**The task:** Word for word, copy the data that follows and skip its pictures.

**Dataset content:**
====

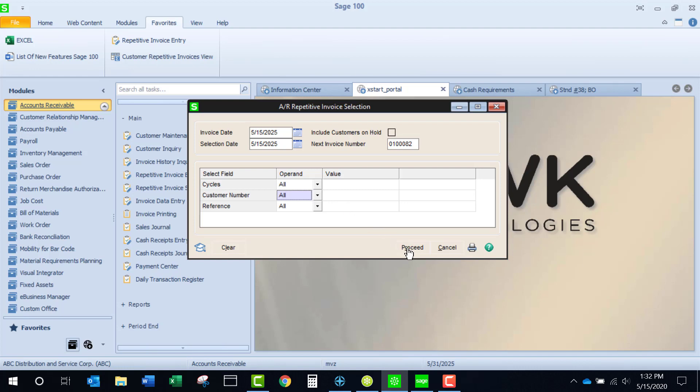Now you'll note that when I click proceed, I now have a clear button. And if I want to remove any prior selections, I would just click on this.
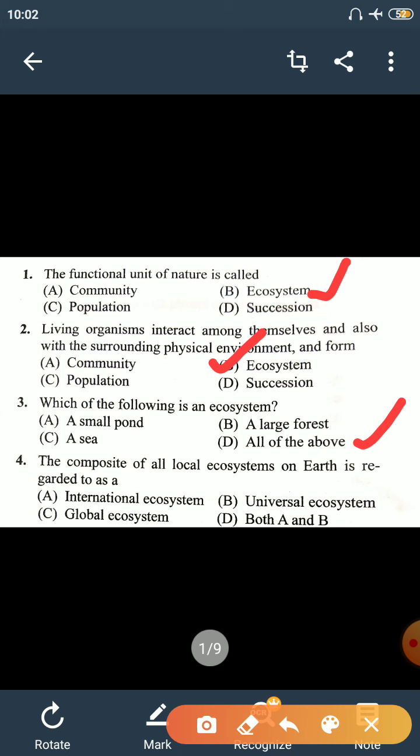Fourth question: the composite of all local ecosystems on Earth is regarded as a global ecosystem. All local ecosystems on Earth combined make up the global ecosystem, and the term used for global ecosystem is Biosphere. Biosphere is the composite of all local ecosystems present on Earth.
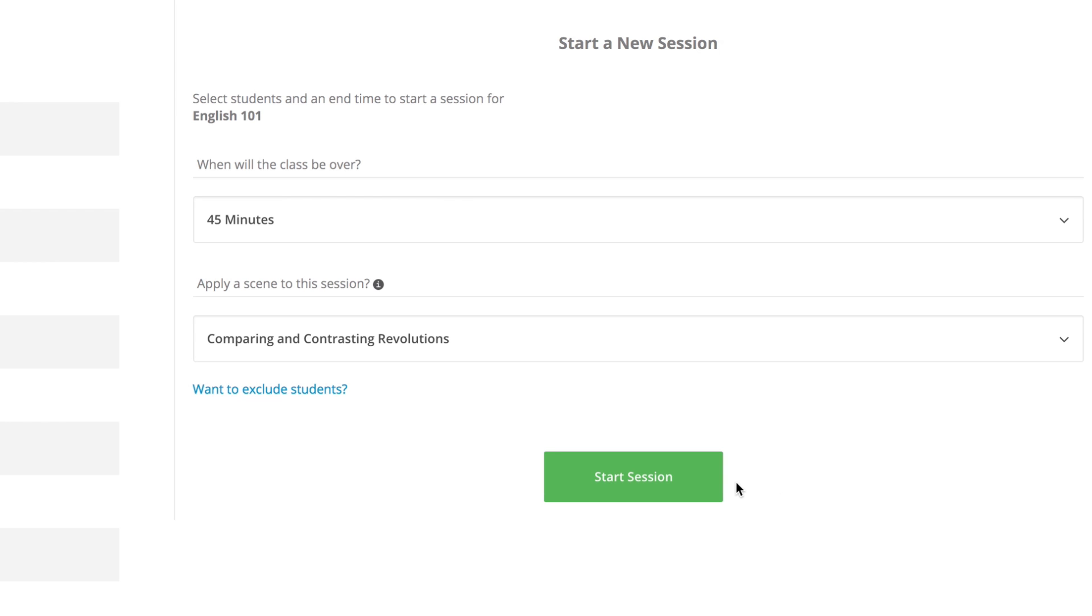When you're ready to start your classroom session, click the start session button, and any of the settings applied by your scene will apply to this classroom session.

====

**Exercise solution:**
Now you'll note that when I click proceed, I now have a clear button. And if I want to remove any prior selections, I would just click on this.
Fourth question: the composite of all local ecosystems on Earth is regarded as a global ecosystem. All local ecosystems on Earth combined make up the global ecosystem, and the term used for global ecosystem is Biosphere. Biosphere is the composite of all local ecosystems present on Earth.
When you're ready to start your classroom session, click the start session button, and any of the settings applied by your scene will apply to this classroom session.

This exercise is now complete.